◆ WHAT YOU HAVE TO DO
Transcribe every line from the one containing "Ed Hardy Running" through the end of the records below, exactly, but not the pictures.
___ PROVIDED DATA ___
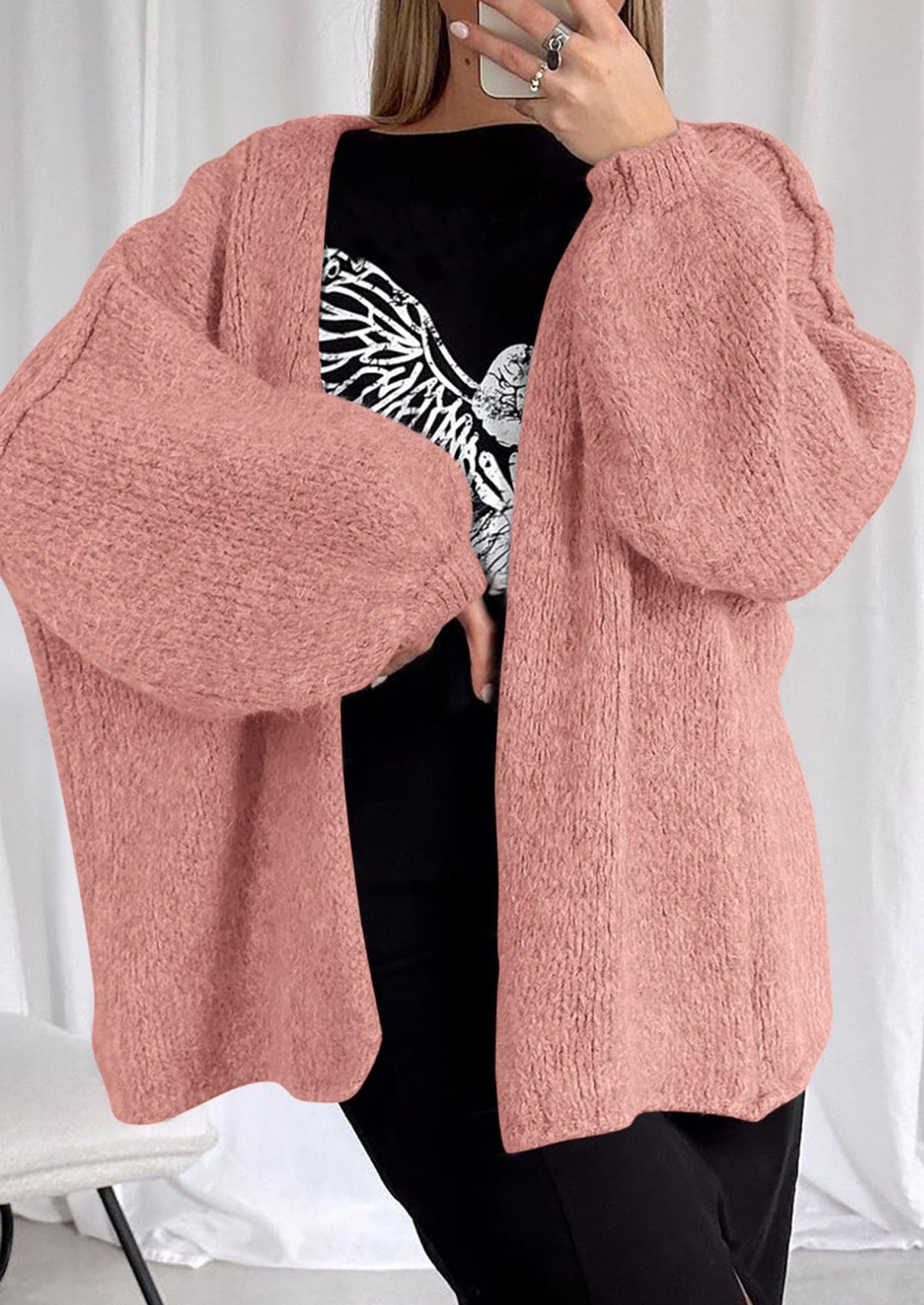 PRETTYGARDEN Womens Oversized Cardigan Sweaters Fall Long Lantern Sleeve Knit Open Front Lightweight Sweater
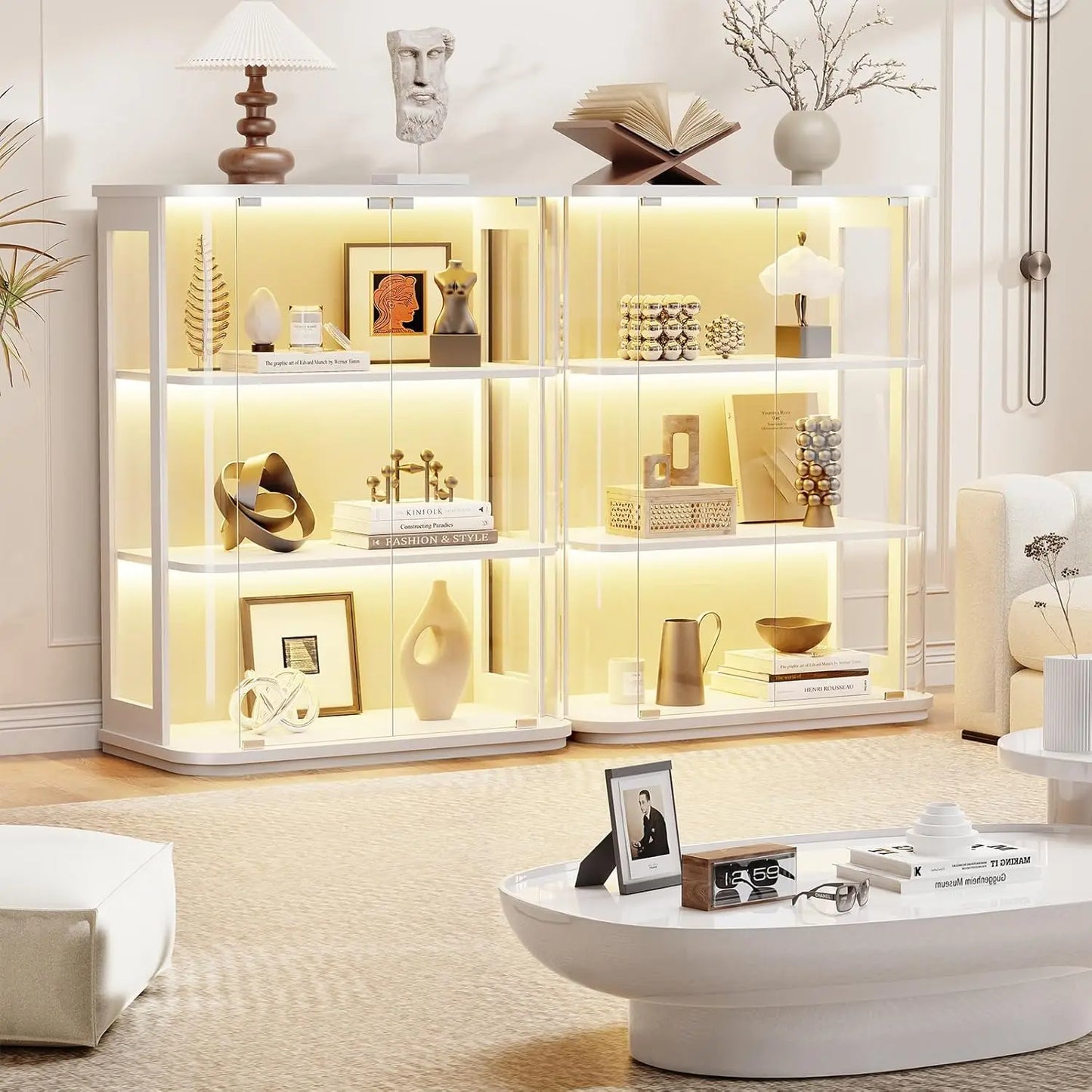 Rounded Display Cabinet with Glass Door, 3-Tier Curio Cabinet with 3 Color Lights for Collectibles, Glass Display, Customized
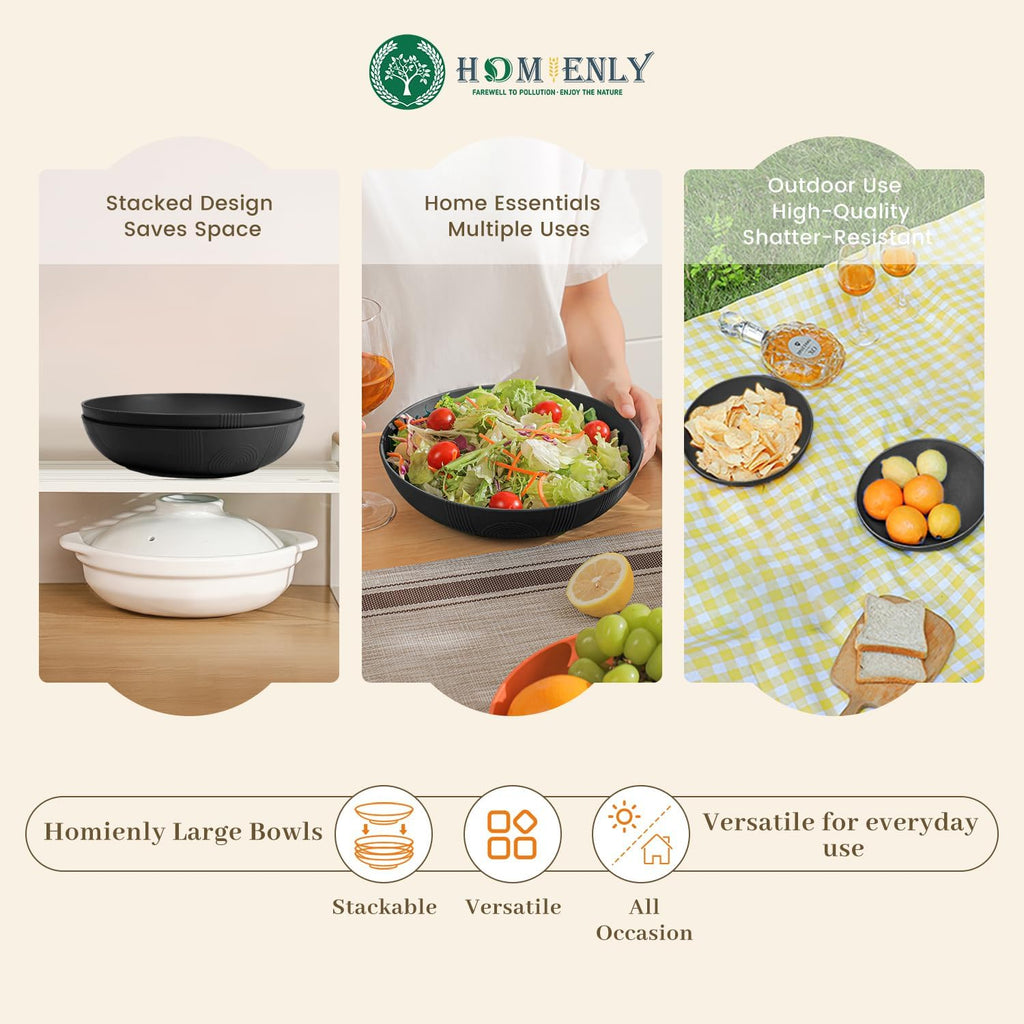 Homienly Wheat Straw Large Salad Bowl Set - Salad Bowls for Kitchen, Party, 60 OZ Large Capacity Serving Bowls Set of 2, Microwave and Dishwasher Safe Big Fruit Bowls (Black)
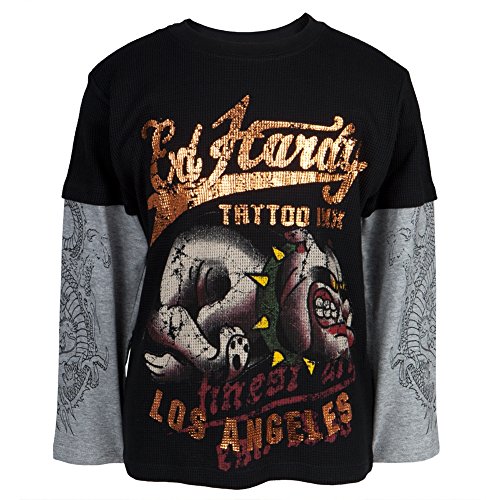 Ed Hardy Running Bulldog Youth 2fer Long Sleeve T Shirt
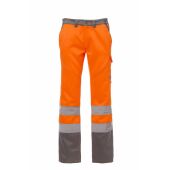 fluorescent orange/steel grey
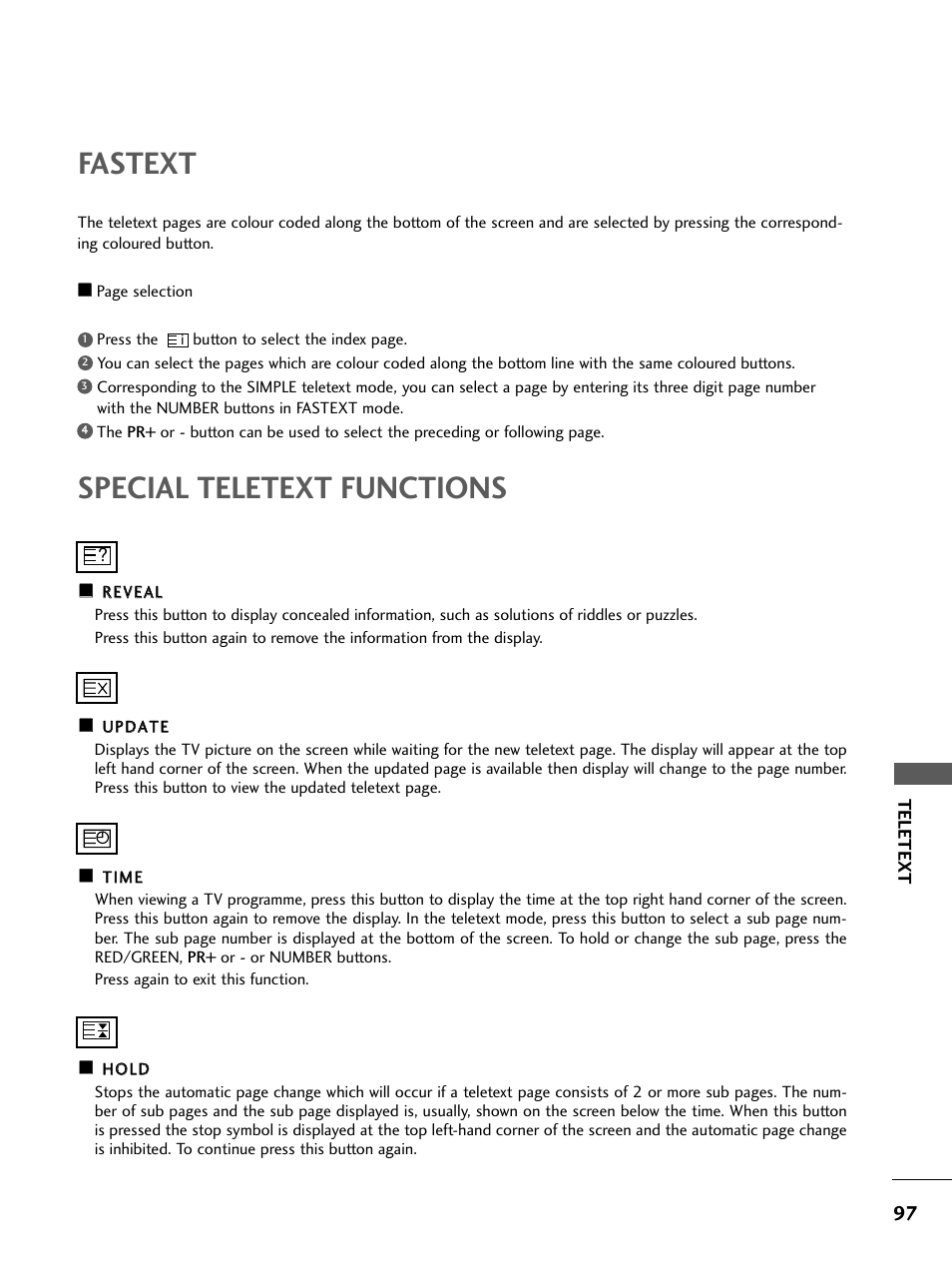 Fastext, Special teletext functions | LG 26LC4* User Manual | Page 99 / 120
___
◆ OUTPUT BELOW
 Ed Hardy Running Bulldog Youth 2fer Long Sleeve T Shirt
 fluorescent orange/steel grey
 Fastext, Special teletext functions | LG 26LC4* User Manual | Page 99 / 120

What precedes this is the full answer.